Kapò () is a 1960 Italian film about the Holocaust directed by Gillo Pontecorvo. It was nominated for the Academy Award as Best Foreign Language Film. It was an Italian-French co-production filmed in Yugoslavia.

Plot
Naive 14-year-old Edith (Susan Strasberg) and her Jewish parents are sent to a concentration camp, where the latter are killed. Sofia (Didi Perego), an older, political prisoner, and a kindly camp doctor save her from a similar fate by giving her a new, non-Jewish identity, that of the newly dead Nichole Niepas.

As time goes by, she becomes hardened to the brutal life. She first sells her body to a German guard in return for food. She becomes fond of another guard, Karl (Gianni Garko). The fraternization helps her become a kapo, one of those put in charge of the other prisoners. She thrives while the idealistic Sofia grows steadily weaker.
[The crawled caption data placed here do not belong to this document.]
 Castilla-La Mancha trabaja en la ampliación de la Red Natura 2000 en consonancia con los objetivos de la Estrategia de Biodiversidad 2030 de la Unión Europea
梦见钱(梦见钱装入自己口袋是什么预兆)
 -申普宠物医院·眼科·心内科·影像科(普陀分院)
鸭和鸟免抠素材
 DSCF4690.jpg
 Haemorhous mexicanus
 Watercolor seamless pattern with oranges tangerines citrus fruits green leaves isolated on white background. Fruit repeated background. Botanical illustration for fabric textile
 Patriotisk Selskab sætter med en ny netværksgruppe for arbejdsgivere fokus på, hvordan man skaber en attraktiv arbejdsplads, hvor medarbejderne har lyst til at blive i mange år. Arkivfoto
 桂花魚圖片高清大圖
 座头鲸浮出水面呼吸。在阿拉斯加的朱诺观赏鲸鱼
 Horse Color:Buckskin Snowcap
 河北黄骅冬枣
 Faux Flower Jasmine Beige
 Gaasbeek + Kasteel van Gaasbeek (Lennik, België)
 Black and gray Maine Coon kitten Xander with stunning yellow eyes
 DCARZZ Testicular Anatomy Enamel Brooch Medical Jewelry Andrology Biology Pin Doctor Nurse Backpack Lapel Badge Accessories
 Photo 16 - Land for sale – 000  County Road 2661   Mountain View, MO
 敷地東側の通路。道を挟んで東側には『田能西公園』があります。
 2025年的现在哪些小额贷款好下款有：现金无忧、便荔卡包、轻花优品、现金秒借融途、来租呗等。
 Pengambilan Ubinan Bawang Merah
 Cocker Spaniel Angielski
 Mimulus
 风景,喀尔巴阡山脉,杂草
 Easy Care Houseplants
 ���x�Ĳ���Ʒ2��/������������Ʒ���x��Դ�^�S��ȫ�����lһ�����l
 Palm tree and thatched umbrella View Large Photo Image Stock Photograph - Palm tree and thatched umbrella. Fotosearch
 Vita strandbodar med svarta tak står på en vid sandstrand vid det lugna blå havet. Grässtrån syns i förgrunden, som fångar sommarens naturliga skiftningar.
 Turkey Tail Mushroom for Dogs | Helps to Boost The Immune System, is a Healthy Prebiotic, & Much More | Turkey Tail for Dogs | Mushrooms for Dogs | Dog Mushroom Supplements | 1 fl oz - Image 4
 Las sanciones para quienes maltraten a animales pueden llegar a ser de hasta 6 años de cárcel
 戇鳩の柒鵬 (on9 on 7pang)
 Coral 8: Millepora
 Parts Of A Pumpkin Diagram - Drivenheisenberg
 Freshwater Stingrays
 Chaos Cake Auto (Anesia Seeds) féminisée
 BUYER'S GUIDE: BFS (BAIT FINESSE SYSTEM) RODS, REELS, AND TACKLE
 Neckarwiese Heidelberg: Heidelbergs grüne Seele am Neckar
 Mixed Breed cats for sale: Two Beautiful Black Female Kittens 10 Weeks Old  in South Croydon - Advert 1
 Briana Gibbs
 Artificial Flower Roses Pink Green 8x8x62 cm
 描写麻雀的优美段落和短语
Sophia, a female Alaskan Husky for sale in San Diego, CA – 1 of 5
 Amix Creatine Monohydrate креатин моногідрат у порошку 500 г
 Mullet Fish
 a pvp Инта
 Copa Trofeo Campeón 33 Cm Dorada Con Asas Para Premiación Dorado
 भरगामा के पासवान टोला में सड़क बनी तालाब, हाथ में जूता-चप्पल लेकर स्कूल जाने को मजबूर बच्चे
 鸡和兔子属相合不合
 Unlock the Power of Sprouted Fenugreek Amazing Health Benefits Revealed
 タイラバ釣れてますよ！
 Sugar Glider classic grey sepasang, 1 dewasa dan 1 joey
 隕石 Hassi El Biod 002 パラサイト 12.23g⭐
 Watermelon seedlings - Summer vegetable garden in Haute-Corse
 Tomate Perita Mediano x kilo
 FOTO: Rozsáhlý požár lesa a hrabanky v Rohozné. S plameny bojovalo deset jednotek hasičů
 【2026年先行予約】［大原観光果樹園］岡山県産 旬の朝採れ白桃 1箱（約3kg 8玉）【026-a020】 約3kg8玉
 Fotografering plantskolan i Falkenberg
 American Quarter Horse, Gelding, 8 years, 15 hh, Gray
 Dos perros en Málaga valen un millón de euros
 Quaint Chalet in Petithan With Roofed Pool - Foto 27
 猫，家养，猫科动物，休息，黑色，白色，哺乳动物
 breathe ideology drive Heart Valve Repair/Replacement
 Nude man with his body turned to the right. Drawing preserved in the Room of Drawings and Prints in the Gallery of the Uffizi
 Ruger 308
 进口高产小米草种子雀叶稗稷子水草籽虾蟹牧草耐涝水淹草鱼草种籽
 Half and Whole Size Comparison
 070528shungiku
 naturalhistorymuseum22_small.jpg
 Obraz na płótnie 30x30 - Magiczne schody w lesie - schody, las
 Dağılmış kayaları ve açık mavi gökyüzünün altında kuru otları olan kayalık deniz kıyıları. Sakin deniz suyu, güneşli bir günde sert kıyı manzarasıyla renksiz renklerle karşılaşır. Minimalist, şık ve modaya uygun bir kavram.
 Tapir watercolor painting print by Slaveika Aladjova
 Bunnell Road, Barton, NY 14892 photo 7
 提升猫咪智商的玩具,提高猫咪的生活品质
When she falls in love with Sascha (Laurent Terzieff), a Russian prisoner of war, Edith is persuaded to play a crucial role in a mass escape, turning off the power. Most of the would-be escapees are killed, but some get away. Edith is not one of them. As she lies dying, she tells Karl, "They betrayed us, Karl, they betrayed both of us." She dies saying the traditional Jewish prayer Shema Yisrael.

Cast
 Susan Strasberg as Edith, alias Nicole Niepas
 Laurent Terzieff as Sascha
 Emmanuelle Riva as Terese
 Didi Perego as Sofia
 Gianni Garko as Karl
 Annabella Besi as Carole
 Graziella Galvani as Isabelle
 Paola Pitagora as Georgette
 Eleonora Bellinzaghi
 Bruno Scipioni 
 Dragomir Felba as Salomon Lejtman
 Dušan Perković as Commandant

Critical reception
In their book Foreign Film Guide, authors Ronald Bergan and Robyn Karney wrote:What does one say about this effort? Pontecorvo has jam-packed his film with every kind of tear-jerking cliché on offer and entrusted the debasement and regeneration of his heroine to a sadly inept actress. The result is an overheated melodrama which does a grave disservice to the enormity of its subject, although the horrors of the camps are realistically portrayed".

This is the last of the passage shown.